Here is Pennagain’s Comment of the Day on yesterday’s post on the significance of middle school students deliberately disrespecting the Speaker of the House, “What’s Going On Here?”: The 8th Grade’s Speaker Of The House Snub”:
I grew up in a thoroughly corrupt local political community (Jersey City, Hudson County, 1940s) where politicians mostly scared the hell out of us kids. They never hid their opinion of children as nuisances (non-voters, non-party-contributors, non-influential: period); as pawns to gain them applause (recipients of school awards or sponsored – not paid for – say, a week at summer camp or a trip to the carnival); as slaves (untipped or unpaid car washers, runners, leaf-rakers, lawn-mowers, paperboys etc.); or as flat out enemies (boys in particular who set off firecrackers or let their dogs loose at a rally or dared put their dirty, sticky hands on our officeholders’ bright black Buicks).
These refugees from Tammany Hall were no more considered respectable, responsible, worthy leaders than Dick Tracy’s B.O. Plenty and the school-age kids knew it. “Boss” (Mayor) Hague (“Listen, here is the law! I am the law!”), who ruled the city directly from 1917 to 1947 and indirectly for at least another 30 years, was universally hated and often feared, second to none in political corruption. Nonetheless, lip service and stiffly polite behavior was the rule in public, if only because parents were the greater examples; and they held the direct punishment power. Possibly, too, much as peer pressure obtained on the playground, children away from school lacked almost all the authority they would obtain in the next decade. We had an allowance if we were lucky, but no real buying power — we were a marketing force only in terms of breakfast cereal and comic books. Even toys and candy remained pretty much classics. Though we were a widely mixed group ethnically, in the classroom or the gym, we had no separate clubs or meeting places for our particular interests. We attended the afterschool activities, sports, religious observations and social functions dictated by our parents (I was treated to a few weeks of ballroom dancing classes one horrid Fall). Aside from running wild virtually unsupervised during any free time — and we found plenty of free time — we heard the opinions of our parents, ministers, teachers, newspaper-reading assignments, and listened with family around mealtimes to whatever was on the radio.

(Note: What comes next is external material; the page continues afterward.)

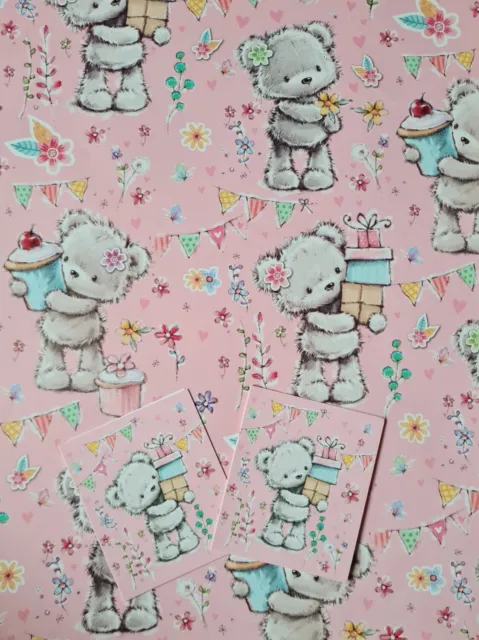 2 Sheets Of Thick Cute Bear Birthday Wrapping Paper With 2 Matching Gift Tags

Civics class, the workings of “real” government, was treated like history, something that happened to other people. History studies, however flawed we see them now, especially as to heroes, attached memorable personalities to specific administrations. We got the blueprints of the machinery — not opinions — but specific knowledge of how our government functioned. Or was supposed to.
Presidents, or rather THE President, FDR, had all the respect due a kind of Greek god (not upper-case “G”). In other words, not everyone admired him — at least one of our neighbors found him responsible for every terrible thing that had ever happened to Mankind, but he … all these masculine pronouns are going to come back to haunt me when some PC friend finds this post … he was given the reverence of his position, strength and longevity (to kids, he had reigned forever and ever, way back before our great-grandparents). Meeting one of his people — a congressman or senator — was considered a great privilege we had as Americans. Even writing a letter (usually a group letter mostly composed by the teacher) was an Important, grown-up thing, an achievement that we were convinced would, in itself, “make a difference.” (That’s where that having-to-do-something got started, I think.) We also learned that when we were adults — at the great age of 21, not a mere teen, laughably, still in school! — we would have A Vote. And that that vote would always “make a difference.”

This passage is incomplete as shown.